Image-text web data
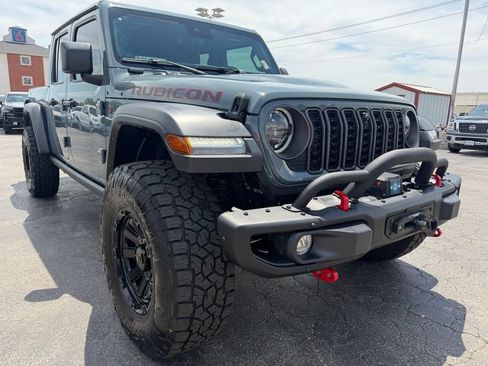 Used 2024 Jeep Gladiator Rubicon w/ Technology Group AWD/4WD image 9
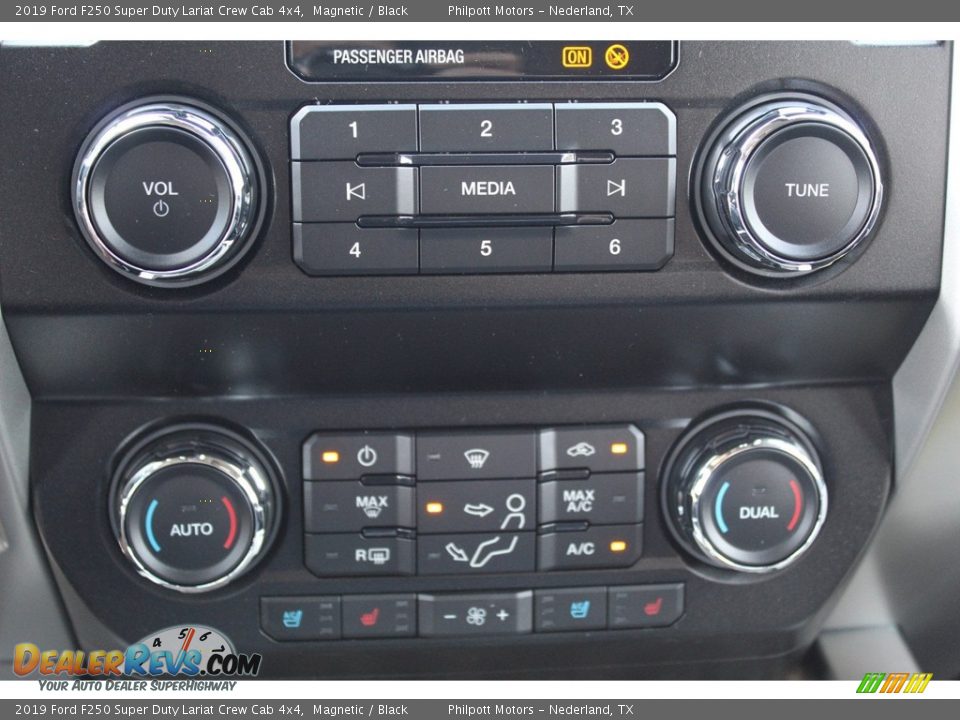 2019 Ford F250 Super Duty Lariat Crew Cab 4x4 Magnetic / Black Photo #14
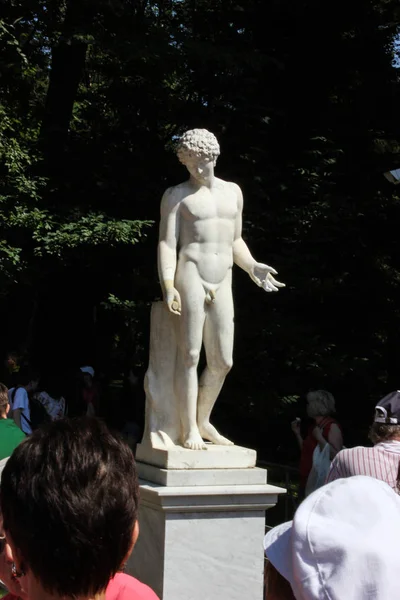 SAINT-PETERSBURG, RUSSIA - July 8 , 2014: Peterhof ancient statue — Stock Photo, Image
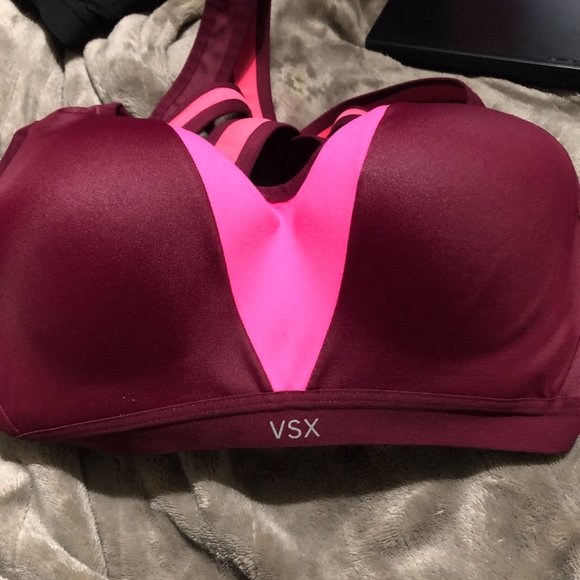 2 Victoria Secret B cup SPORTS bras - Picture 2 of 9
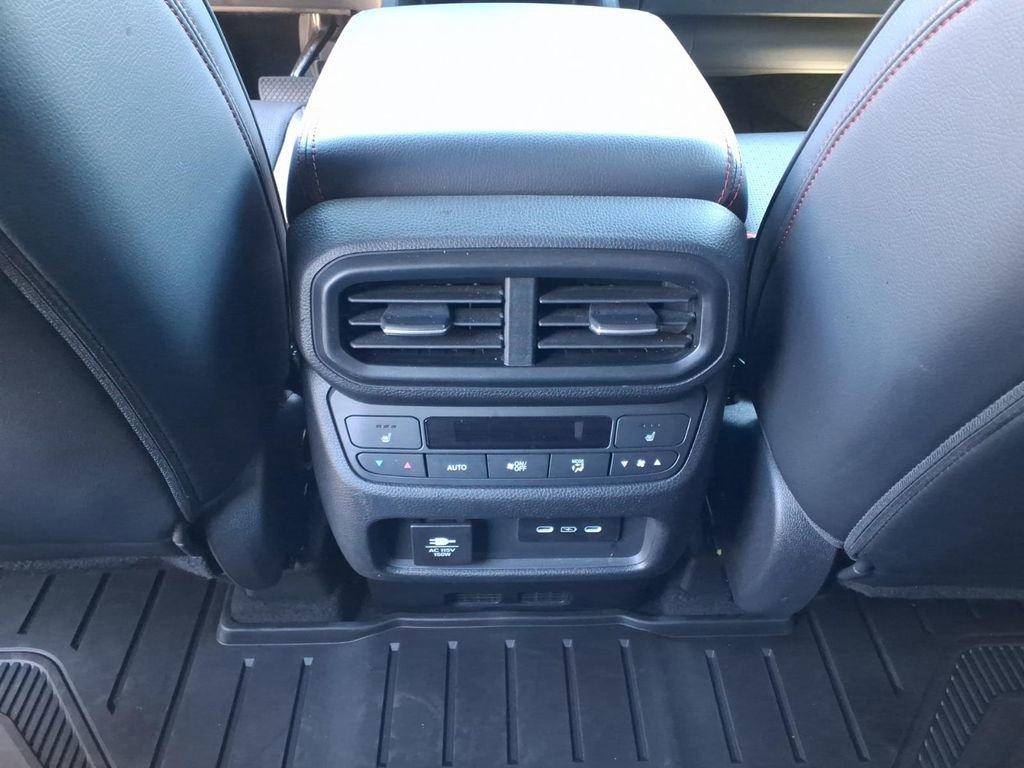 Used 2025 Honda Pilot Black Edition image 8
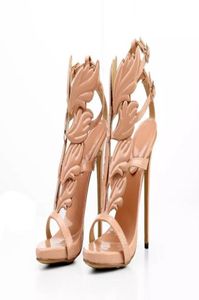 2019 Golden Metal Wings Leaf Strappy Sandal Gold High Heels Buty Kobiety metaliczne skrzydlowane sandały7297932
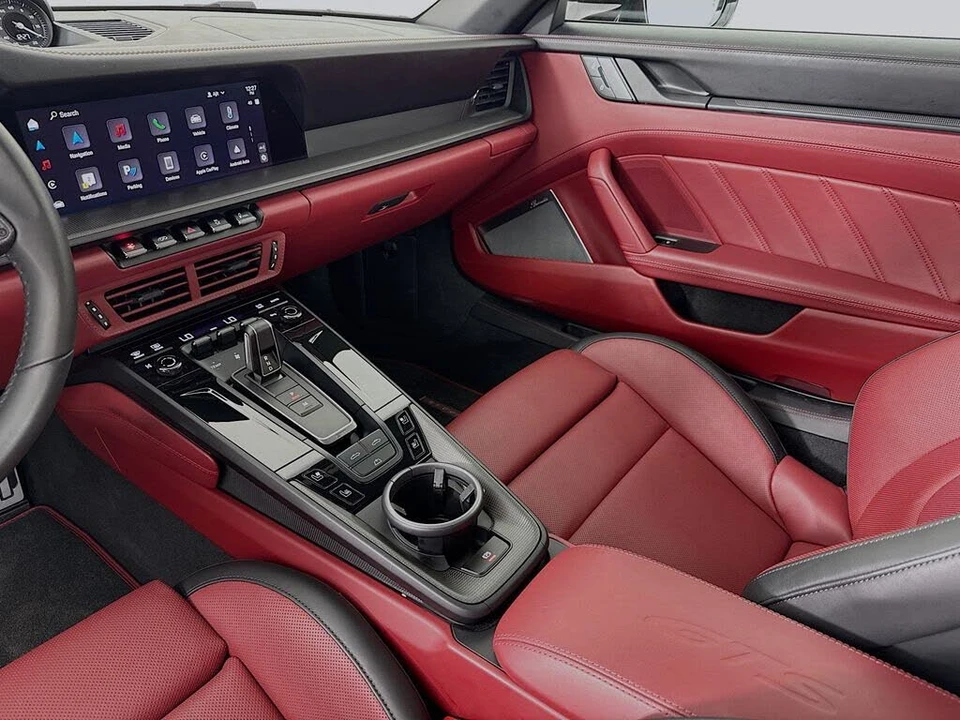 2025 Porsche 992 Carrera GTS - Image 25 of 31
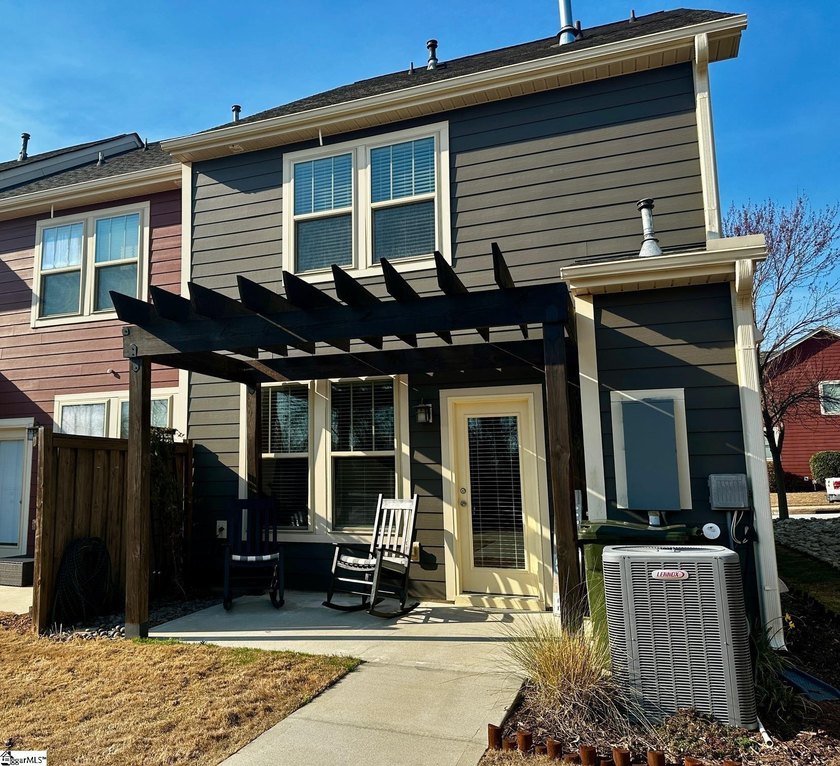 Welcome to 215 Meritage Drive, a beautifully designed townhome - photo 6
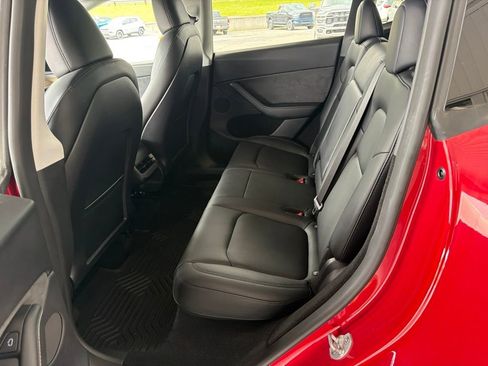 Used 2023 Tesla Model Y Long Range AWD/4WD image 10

What to work on >>
Excluding all pictures, output exactly the lines from the line containing "SAINT-PETERSBURG, RUSSIA - July" through the last line of the entries above.

Result of the exercise >>
 SAINT-PETERSBURG, RUSSIA - July 8 , 2014: Peterhof ancient statue — Stock Photo, Image
 2 Victoria Secret B cup SPORTS bras - Picture 2 of 9
 Used 2025 Honda Pilot Black Edition image 8
 2019 Golden Metal Wings Leaf Strappy Sandal Gold High Heels Buty Kobiety metaliczne skrzydlowane sandały7297932
 2025 Porsche 992 Carrera GTS - Image 25 of 31
 Welcome to 215 Meritage Drive, a beautifully designed townhome - photo 6
 Used 2023 Tesla Model Y Long Range AWD/4WD image 10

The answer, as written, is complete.